3) Now inductively define a sequence of subspaces $$ \mathrm{PDO}^{(0)}(TM) \subset \mathrm{PDO}^{(1)}(TM) \subset ... \subset \mathrm{PDO}^{(k)}(TM) \subset ... $$ Following the prescription: $$ \mathrm{PDO}^{(0)}(TM) = \mathrm{hom}(TM,TM)$$ (thinks of this as a collection of maps $TM_x\to TM_x$ for all $x\in M$) and $$ \mathrm{PDO}^{(k+1)}(TM) = \{ T\in\mathrm{Op}(TM);[T,f]\in \mathrm{PDO}^{(k)}(TM), \forall f\in C^\infty(M) \}.$$ The elements of $\mathrm{PDO}^{(k)}(TM)$ are called partial differential operators of order $k$. Your job here (not a super easy one) is to convince yourself that this notion agrees with your idea of what a differential operator should be.

Solution 4:

To take a different approach to answering this, you might ask yourself why the real numbers seem to be so inescapable. Of course several answers have been given that do in fact escape the reals, but they do this by focusing on the algebraic properties of derivatives, which might be unsatisfying to you (or maybe not!)

One answer to the question "why are the reals inescapable" is that the real numbers are the unique complete ordered field (see http://en.wikipedia.org/wiki/Completeness_of_the_real_numbers).

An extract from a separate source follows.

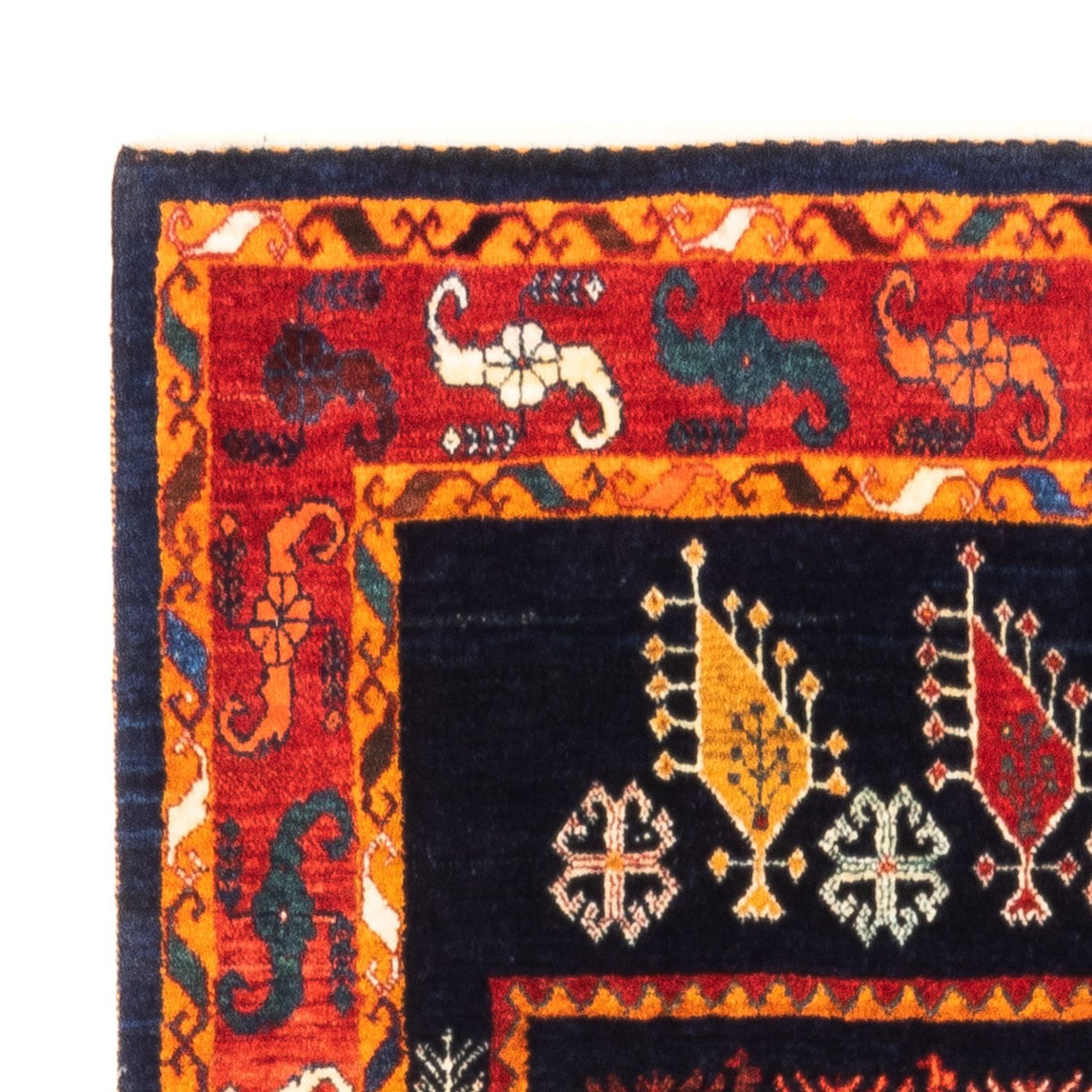 Gabbeh Teppich - Perser - 160 x 108 cm - dunkelblau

So if you want to define something that captures all the topological and algebraic properties of the derivative you are going to be stuck with the real numbers.

Solution 5:

If you consider differentiation as approximating the behavior locally by a linear function, and it will, I think, be obvious why it is hard to generalize.

You need to know what it means to approximate, you need to know what it means to be linear (or some suitable similar set of "simple" functions, etc.) These are not natural for all spaces. When a spaces is curved, what is a linear function?

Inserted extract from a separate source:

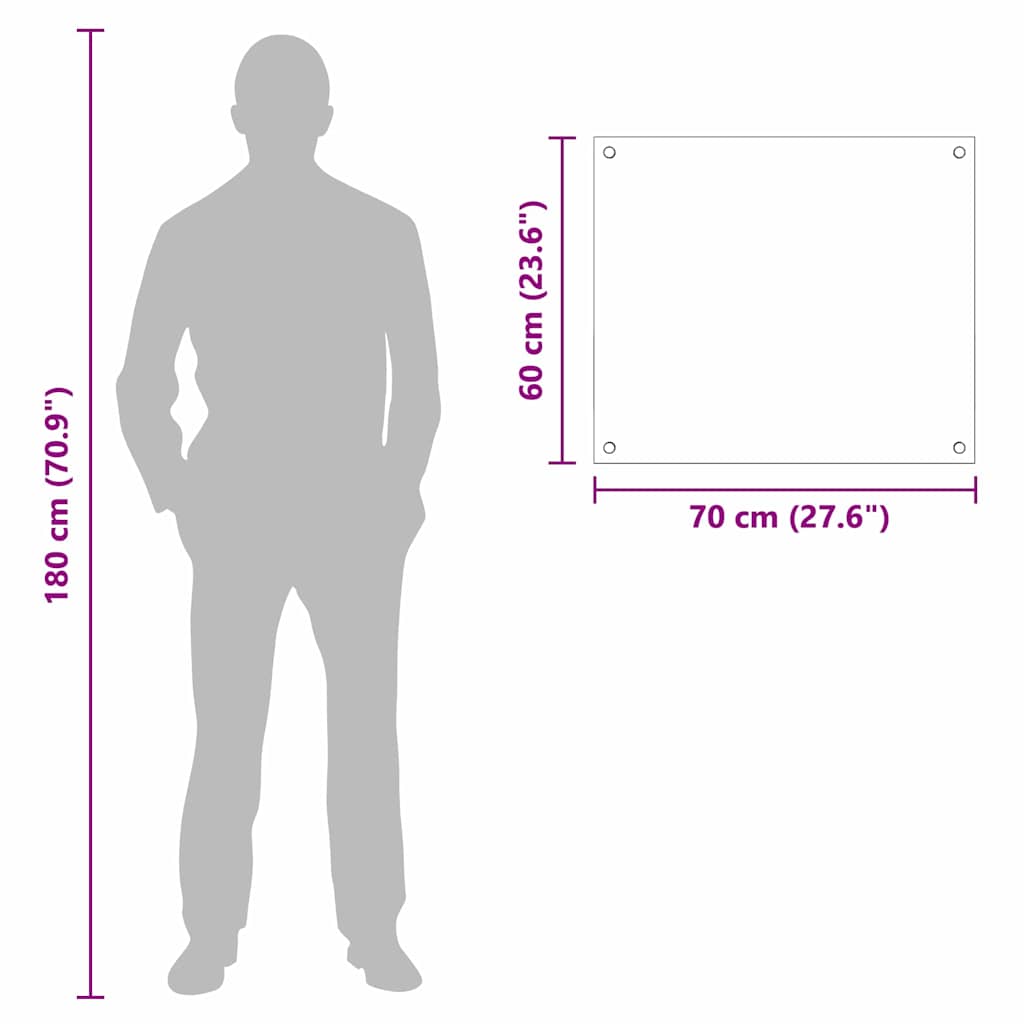 Küchenrückwand Schwarz 70 x 60 cm Gehärtetes Glas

In particular, differentiation needs a notion of 'direction.'

Even in functions $f:\mathbb R^n\to\mathbb R^n$, the derivative is an $n\times m$ matrix, and you have:

$$f(\mathbf v+\mathbf h)\approx f(\mathbf v)+T\mathbf h$$

where $T$ is a matrix. You can think of this derivative as a map from the same domain to the same range, but mathematicians realized, when dealing with curved spaces, that it is really best to see it as a map of the "tangent space" at $\mathbf v$ to the tangent space of $f(\mathbf v)$. It's just that $\mathbb R^n$ is "flat" so that the tangent space is the same as the space for all $\mathbf v$.

The "tangent space" at a point is then a codification of the notion of "direction" at the point. All of that nonsense in the definitions is an attempt to make sure that the tangent spaces of nearby points "agree" in some sense. And yes, it is ugly. As others have mentioned, it becomes easier to follow with the notion of sheaves, and how they follow from most things which are "local" properties.